ALBANY – School districts will again have their pension bills drop, this time by as much as 19 percent, the state’s Teachers’ Retirement System said.

The drop is welcomed news for school districts, and it will be the third year in a row that pension costs will decline from historical highs several years ago.

The Teachers' Retirement System's actuary on Thursday recommended the contribution rate for school districts during the 2017-18 fiscal year at 9.5 percent to 10.5 percent.

For the 2016-17 school year, the rate was set last summer at 11.72 percent of payroll.

"This will mark the third consecutive year of declining rates, attributable to generally favorable investment returns over the last several years," said John Cardillo, the spokesman for the fund.

The declining rates, though, come as the fund posted slim gains for the fiscal year that ended June 30.

The rate of return was 2.3 percent, Cardillo said, but he said the five-year annualized rate of return was 8.3 percent.

The fund last year lowered its assumed rate from 8 percent to 7.5 percent, as pension funds around the country lowered their lofty expectations.

The pension fund provides benefits for 426,000 active and retired teachers and staff. At $110 billion, it's one of the largest pension funds in the nation.

The average pension was about $41,000 last year in the system, while the average salary was about $60,000, a review in February by the Albany Bureau for the USA Today Network found.

The lowered rates will save districts about $300 million in the 2017-18 fiscal year, which starts July 1, according to the Empire Center, a fiscally conservative think tank.

Over the past two years, districts saved about $800 million, the group estimated.

"Suffice to say, you will not hear this number mentioned much when public-school advocates claim the property tax cap is starving them of resources," the group's president E.J. McMahon wrote, referring to districts' complaints about the tax cap limiting their revenue.

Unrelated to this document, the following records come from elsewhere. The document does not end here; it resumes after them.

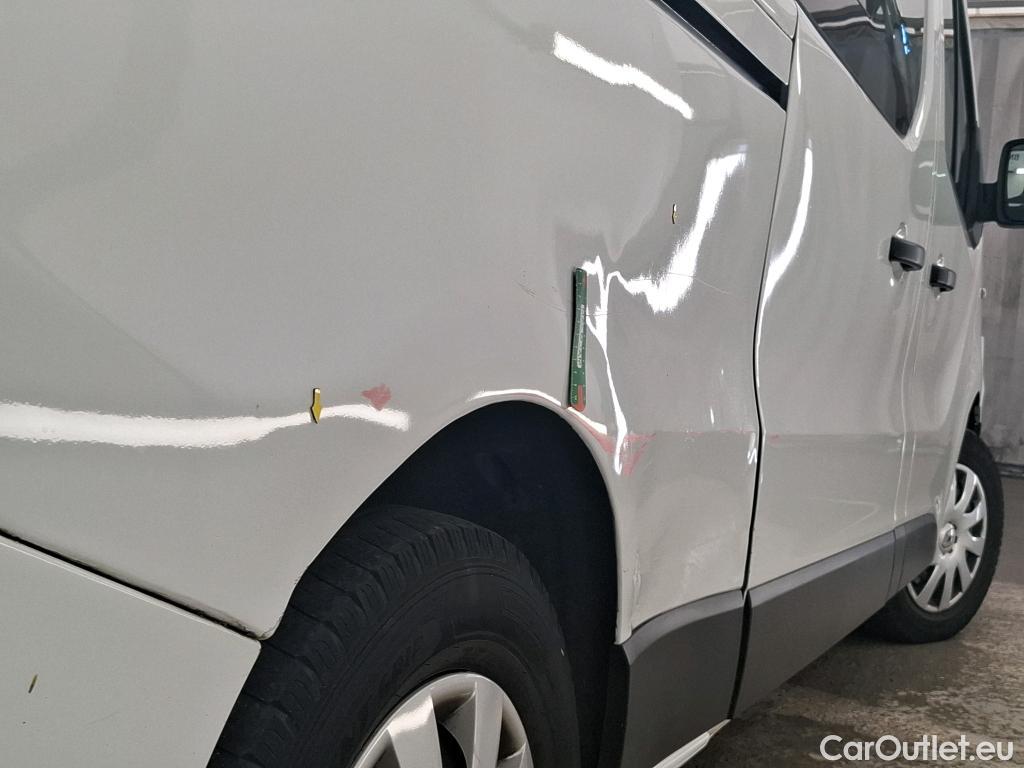  Renault  Trafic RENAULT  / 2019 / 4P / Combi Zen L2 dCi 120 S&S - 8 pl #6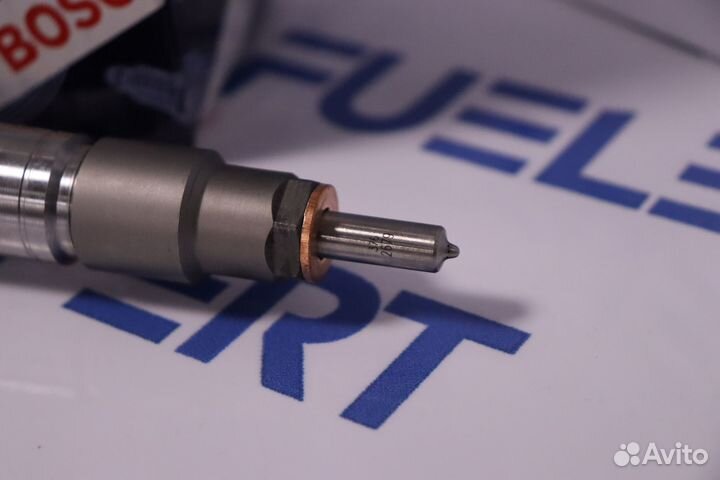 Форсунка топливная 0445120562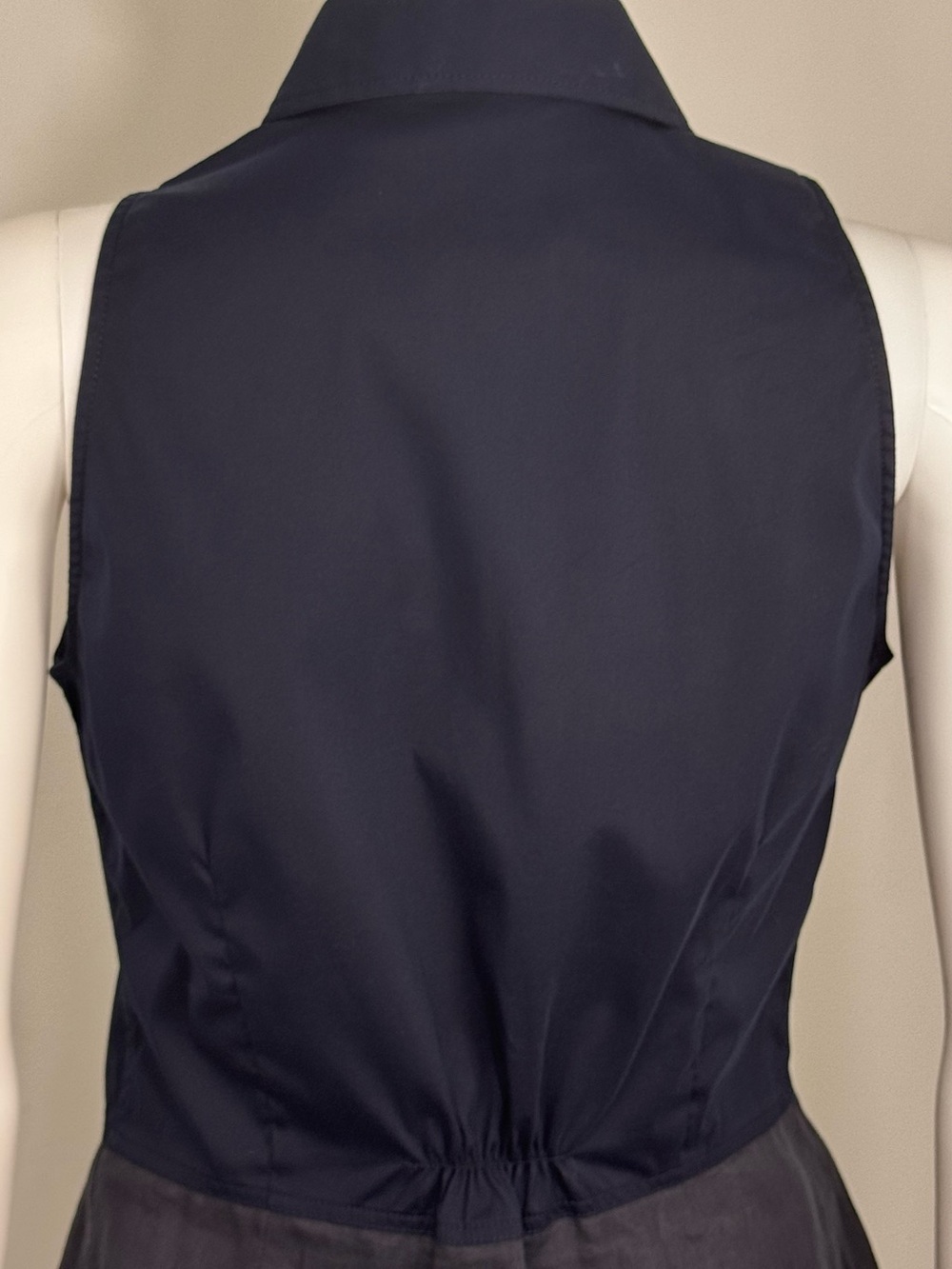 Pristine Brunello Cucinelli Sleeveless Mixed-Media Peplum Shirt - Size L (US) - Picture 15 of 16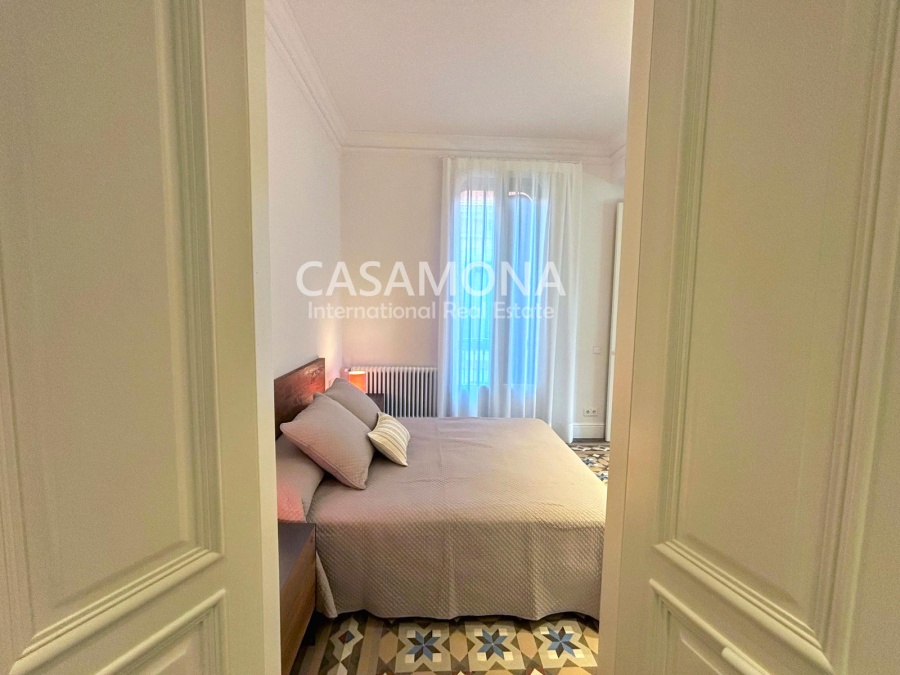 APARTAMENTO LUJOSO Y ESPACIOSO EN ALQUILER – LUZ, CONFORT Y AUTÉNTICO DISEÑO CATALÁN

The rates hit 17.53 percent of payroll in the 2014-15 school year -- the highest since the mid-1980s.

At 9.5 percent, the rates would be the lowest in seven years.

While the lowered rates will be beneficial, districts still have concerns about their long-term finances -- even as the state has boosted state aid by an average of 6 percent in each of the last few years, according to the survey of superintendents released Monday.

The survey of 361 superintendents in August by the state Council of School Superintendents found 20 percent of them were optimism about their ability to adequately fund programs and services.

"Declining pension rates will help next year. But uncertainty over where those costs may go in the future is one of the top concerns," said Robert Lowry, the group's deputy director. "We know the contribution rate will go up someday."